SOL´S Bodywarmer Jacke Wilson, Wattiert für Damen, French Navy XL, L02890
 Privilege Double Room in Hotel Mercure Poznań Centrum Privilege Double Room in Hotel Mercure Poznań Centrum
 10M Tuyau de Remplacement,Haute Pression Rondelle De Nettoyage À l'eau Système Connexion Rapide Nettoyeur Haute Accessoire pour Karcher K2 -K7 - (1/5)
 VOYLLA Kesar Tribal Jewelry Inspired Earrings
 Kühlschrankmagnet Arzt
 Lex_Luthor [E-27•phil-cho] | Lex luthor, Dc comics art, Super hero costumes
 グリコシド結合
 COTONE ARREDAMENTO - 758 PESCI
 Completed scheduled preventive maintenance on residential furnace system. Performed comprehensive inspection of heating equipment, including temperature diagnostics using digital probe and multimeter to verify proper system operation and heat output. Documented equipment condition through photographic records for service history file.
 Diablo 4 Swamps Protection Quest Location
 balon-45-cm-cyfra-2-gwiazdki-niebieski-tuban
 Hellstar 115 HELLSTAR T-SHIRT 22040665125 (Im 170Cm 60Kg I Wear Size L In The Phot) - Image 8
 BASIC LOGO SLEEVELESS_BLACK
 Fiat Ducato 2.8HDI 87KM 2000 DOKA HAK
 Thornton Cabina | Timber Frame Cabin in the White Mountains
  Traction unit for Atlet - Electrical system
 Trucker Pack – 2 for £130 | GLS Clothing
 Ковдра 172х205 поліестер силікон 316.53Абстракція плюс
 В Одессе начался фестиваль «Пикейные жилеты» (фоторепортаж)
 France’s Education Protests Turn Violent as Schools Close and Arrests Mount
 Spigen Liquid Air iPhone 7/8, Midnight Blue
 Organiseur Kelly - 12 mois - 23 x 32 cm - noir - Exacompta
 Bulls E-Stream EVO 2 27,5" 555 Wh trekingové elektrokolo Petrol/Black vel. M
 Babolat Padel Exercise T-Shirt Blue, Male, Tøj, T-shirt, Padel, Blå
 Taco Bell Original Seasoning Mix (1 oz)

◇ ◇ ◇ ◇

• PROMPT
Word for word, set down all the lines above.

• WRITTEN SOLUTION
SOL´S Bodywarmer Jacke Wilson, Wattiert für Damen, French Navy XL, L02890
 Privilege Double Room in Hotel Mercure Poznań Centrum Privilege Double Room in Hotel Mercure Poznań Centrum
 10M Tuyau de Remplacement,Haute Pression Rondelle De Nettoyage À l'eau Système Connexion Rapide Nettoyeur Haute Accessoire pour Karcher K2 -K7 - (1/5)
 VOYLLA Kesar Tribal Jewelry Inspired Earrings
 Kühlschrankmagnet Arzt
 Lex_Luthor [E-27•phil-cho] | Lex luthor, Dc comics art, Super hero costumes
 グリコシド結合
 COTONE ARREDAMENTO - 758 PESCI
 Completed scheduled preventive maintenance on residential furnace system. Performed comprehensive inspection of heating equipment, including temperature diagnostics using digital probe and multimeter to verify proper system operation and heat output. Documented equipment condition through photographic records for service history file.
 Diablo 4 Swamps Protection Quest Location
 balon-45-cm-cyfra-2-gwiazdki-niebieski-tuban
 Hellstar 115 HELLSTAR T-SHIRT 22040665125 (Im 170Cm 60Kg I Wear Size L In The Phot) - Image 8
 BASIC LOGO SLEEVELESS_BLACK
 Fiat Ducato 2.8HDI 87KM 2000 DOKA HAK
 Thornton Cabina | Timber Frame Cabin in the White Mountains
  Traction unit for Atlet - Electrical system
 Trucker Pack – 2 for £130 | GLS Clothing
 Ковдра 172х205 поліестер силікон 316.53Абстракція плюс
 В Одессе начался фестиваль «Пикейные жилеты» (фоторепортаж)
 France’s Education Protests Turn Violent as Schools Close and Arrests Mount
 Spigen Liquid Air iPhone 7/8, Midnight Blue
 Organiseur Kelly - 12 mois - 23 x 32 cm - noir - Exacompta
 Bulls E-Stream EVO 2 27,5" 555 Wh trekingové elektrokolo Petrol/Black vel. M
 Babolat Padel Exercise T-Shirt Blue, Male, Tøj, T-shirt, Padel, Blå
 Taco Bell Original Seasoning Mix (1 oz)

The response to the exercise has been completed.